Join lines with the same start string

andrejm · October 1, 2011, 7:09am

I have the text like:

DN11-001 Thats the first line which needs to be
DN11-001 joined with the second line and also to
DN11-001 the third line as they all begin with the same
DN11-001 document number.
DN11-002 The number of lines differ
DN11-002 among the documents.
DN11-005 It can also be just one line.

to be modified in a way that all text with the same start string is in one row:

DN11-001 Thats the first line which needs to be joined with the second line and also to the third line as they all begin with the same document number.
DN11-002 The number of lines differ among the documents.
DN11-005 It can also be just one line.

Thank you.
Andrej

ahamed101 · October 1, 2011, 7:52am

Try this...

 awk '{if(val==$1){gsub(val,"");printf $0}else{if(NR>1)print "";val=$1;printf $0}}END{print ""}' input_file

If in solaris, use nawk.

--ahamed

andrejm · October 1, 2011, 9:40am

I have Mac OS X and the code doesn't produce the expected result. Output looks the same as input

Thanks
Andrej

ltomuno · October 1, 2011, 9:52am

sed -n 's/DN[0-9]\{2\}-[0-9]\{3\} //p' input|awk '{ORS="";gsub("\\.",".\n\r");print}'

durden_tyler · October 1, 2011, 10:30am

$
$
$ cat f9
DN11-001 Thats the first line which needs to be
DN11-001 joined with the second line and also to
DN11-001 the third line as they all begin with the same
DN11-001 document number.
DN11-002 The number of lines differ
DN11-002 among the documents.
DN11-005 It can also be just one line.
$
$
$ perl -lne '/^(.*?) (.*)$/;
             if (! defined $x{$1}) {print $k,$v while ($k,$v)=each %x; %x=()}
             $x{$1}.=" $2";
             END {print $k,$v while ($k,$v)=each %x}' f9
DN11-001 Thats the first line which needs to be joined with the second line and also to the third line as they all begin with the same document number.
DN11-002 The number of lines differ among the documents.
DN11-005 It can also be just one line.
$
$
$

tyler_durden

andrejm · October 1, 2011, 10:56am

All three solutions work, thank you! The problem is that it works only on sample date, the real data obviously contains some special characters that need to be cleared. I guess I need to check which characters are not allowed?

Andrej

durden_tyler · October 1, 2011, 11:11am

Can you post an example of your real data?

tyler_durden

ravi_agarwalla · October 2, 2011, 1:29am

awk '{if(val==$1){gsub(val,"");printf $0}else{if(NR>1)print "";val=$1;printf $0}}END{print ""}' input_file

can someone explain the above command. how it will work

andrejm · October 2, 2011, 4:48am

Thank you, I thought nobody would care about it anymore! Attached is a sample of real data.

Andrej

ravi_agarwalla · October 2, 2011, 4:52am

Hi,

I want to know how the command will work with the above data.. it will be good if u explain the command and how it will join.

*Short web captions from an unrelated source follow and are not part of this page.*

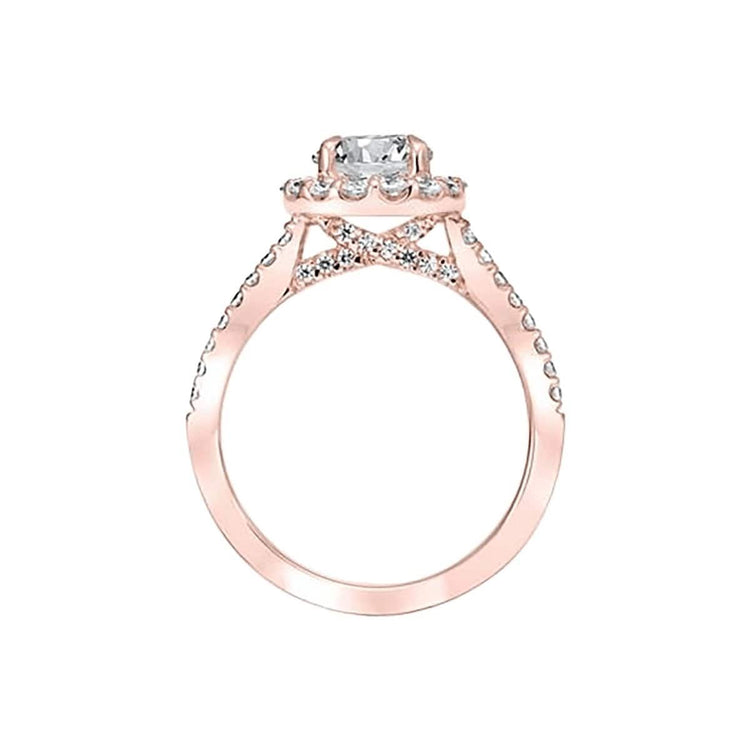Diamond Halo Semi Mount Ring - Frederick Goldman- Diamond Cellar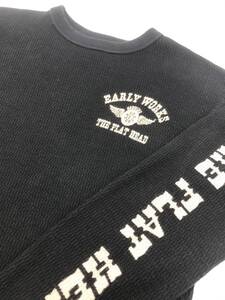 【日本製】THE FLAT HEAD 長袖フラットヘッドサーマルロングTee/黒/38/フリーホイラーズ　トイズマッコイ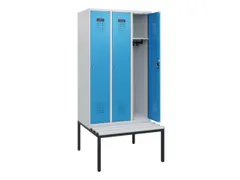 locker met bank,HxBxD 1950x900x815mm,3vak,vak B 300mm,cilinderslot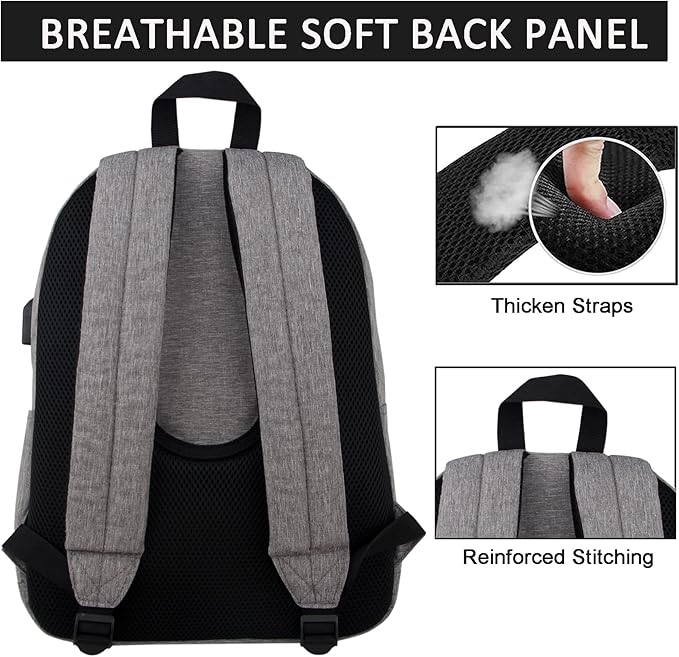 SUPACOOL Casual Laptop Backpack for Men and Women, Backpack for College, USB Charging Port, Lightweight Pack Back(Light grey)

awk '{if(val==$1){gsub(val,"");printf $0}else{if(NR>1)print "";val=$1;printf $0}}END{print ""}' input_file

ahamed101 · October 2, 2011, 2:26pm

RealData.txt has \r. Use the below code to replace it with \n

sed -i 's/\r/\n/g' RealData.txt

And then execute the commands we have given!

--ahamed

---------- Post updated at 11:26 AM ---------- Previous update was at 11:24 AM ----------

btw, I have no Mac. I do all these in "back | track" -- Ubuntu Linux

--ahamed